Preferred removes income multiples

Amanda Jarvis

June 5, 2006

Intermediaries can determine the maximum amount their customers can borrow by using Preferred ’s online affordability calculator.

Roger Taylor, director of sales and marketing at Preferred, said: “A set income multiple formula does not take into consideration an individual ’s personal circumstances,such as any existing outgoings. Calculating someone ’s ability to repay based on affordability is a much fairer and more accurate representation. The crucial factor is that they can afford to repay the loan.

“Our online affordability calculator gives intermediaries a quick but accurate response to the two most important questions: 'How much can my customer borrow?' and 'Can they afford the proposed repayments?’ In addition,it provides intermediaries with peace of mind that the application being submitted fits our affordability criteria.”

The decision to remove income multiples coincides with the launch of Preferred ’s product range.

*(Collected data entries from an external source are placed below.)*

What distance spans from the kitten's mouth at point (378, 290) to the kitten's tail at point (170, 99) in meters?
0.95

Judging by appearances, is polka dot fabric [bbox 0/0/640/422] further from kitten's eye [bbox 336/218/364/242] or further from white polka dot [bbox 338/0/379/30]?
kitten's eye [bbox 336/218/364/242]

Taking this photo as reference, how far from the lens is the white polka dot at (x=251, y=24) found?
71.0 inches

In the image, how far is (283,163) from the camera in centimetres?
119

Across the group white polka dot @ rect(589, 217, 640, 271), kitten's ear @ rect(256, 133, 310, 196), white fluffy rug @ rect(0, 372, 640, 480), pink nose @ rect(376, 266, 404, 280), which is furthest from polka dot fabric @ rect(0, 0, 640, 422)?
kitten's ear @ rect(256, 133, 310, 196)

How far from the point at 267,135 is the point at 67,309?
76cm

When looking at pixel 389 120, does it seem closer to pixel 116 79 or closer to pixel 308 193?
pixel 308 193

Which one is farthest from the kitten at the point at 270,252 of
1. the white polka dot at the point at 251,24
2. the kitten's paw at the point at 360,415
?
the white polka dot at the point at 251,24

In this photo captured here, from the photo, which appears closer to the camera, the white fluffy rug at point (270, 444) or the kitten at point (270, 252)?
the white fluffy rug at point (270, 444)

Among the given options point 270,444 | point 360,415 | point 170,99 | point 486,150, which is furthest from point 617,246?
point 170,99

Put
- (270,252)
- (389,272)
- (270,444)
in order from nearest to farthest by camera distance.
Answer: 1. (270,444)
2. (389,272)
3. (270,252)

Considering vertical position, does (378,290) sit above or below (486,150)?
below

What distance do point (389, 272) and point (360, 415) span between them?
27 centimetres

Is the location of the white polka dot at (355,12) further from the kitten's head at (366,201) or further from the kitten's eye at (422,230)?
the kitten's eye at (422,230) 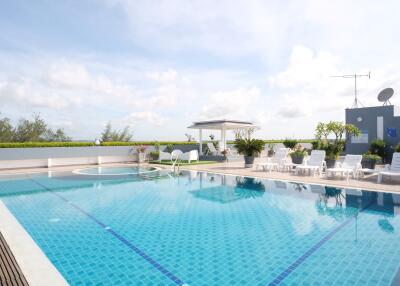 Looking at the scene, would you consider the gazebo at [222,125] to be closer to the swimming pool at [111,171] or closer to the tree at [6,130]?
the swimming pool at [111,171]

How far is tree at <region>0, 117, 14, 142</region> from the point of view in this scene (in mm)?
24781

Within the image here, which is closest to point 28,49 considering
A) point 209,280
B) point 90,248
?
point 90,248

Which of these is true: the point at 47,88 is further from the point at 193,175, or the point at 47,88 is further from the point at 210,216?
the point at 210,216

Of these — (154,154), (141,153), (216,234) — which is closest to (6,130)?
(141,153)

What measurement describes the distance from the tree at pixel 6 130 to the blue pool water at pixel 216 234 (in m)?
19.1

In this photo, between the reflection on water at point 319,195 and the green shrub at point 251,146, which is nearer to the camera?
the reflection on water at point 319,195

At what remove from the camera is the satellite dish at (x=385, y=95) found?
16.6 m

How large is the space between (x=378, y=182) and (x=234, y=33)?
8.24 m

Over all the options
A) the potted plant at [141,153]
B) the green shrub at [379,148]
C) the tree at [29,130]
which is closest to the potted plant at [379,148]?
the green shrub at [379,148]

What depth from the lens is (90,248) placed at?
451 centimetres

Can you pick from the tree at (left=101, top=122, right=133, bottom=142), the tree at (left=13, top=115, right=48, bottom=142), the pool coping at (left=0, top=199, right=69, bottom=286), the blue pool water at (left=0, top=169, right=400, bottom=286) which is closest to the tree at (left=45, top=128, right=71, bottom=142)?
the tree at (left=13, top=115, right=48, bottom=142)

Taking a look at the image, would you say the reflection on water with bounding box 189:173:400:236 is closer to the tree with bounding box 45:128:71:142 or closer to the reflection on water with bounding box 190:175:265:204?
the reflection on water with bounding box 190:175:265:204

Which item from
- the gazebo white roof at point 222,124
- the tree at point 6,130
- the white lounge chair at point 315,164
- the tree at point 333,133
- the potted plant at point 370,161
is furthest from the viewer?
the tree at point 6,130

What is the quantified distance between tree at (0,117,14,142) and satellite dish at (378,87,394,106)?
1211 inches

Highlights of the product range include:

-No income multiples across the entire range
-Enhanced adverse criteria -including the introduction of a new adverse level: Near Prime Extra
-Discounted rates from 4.06 per cent
-A range of fixed rates, including a two-year fixed rate product
starting at 5.14 per cent with no extended tie-in
-Increased underwriting flexibility and stretched adverse criteria
-‘Either or ’option extended to the light range

Taylor continued: “The decision to remove income multiples further reflects Preferred ’s flexible approach to underwriting.These enhancements to our product range demonstrate our commitment to continually improve our range of products and the service levels we offer.”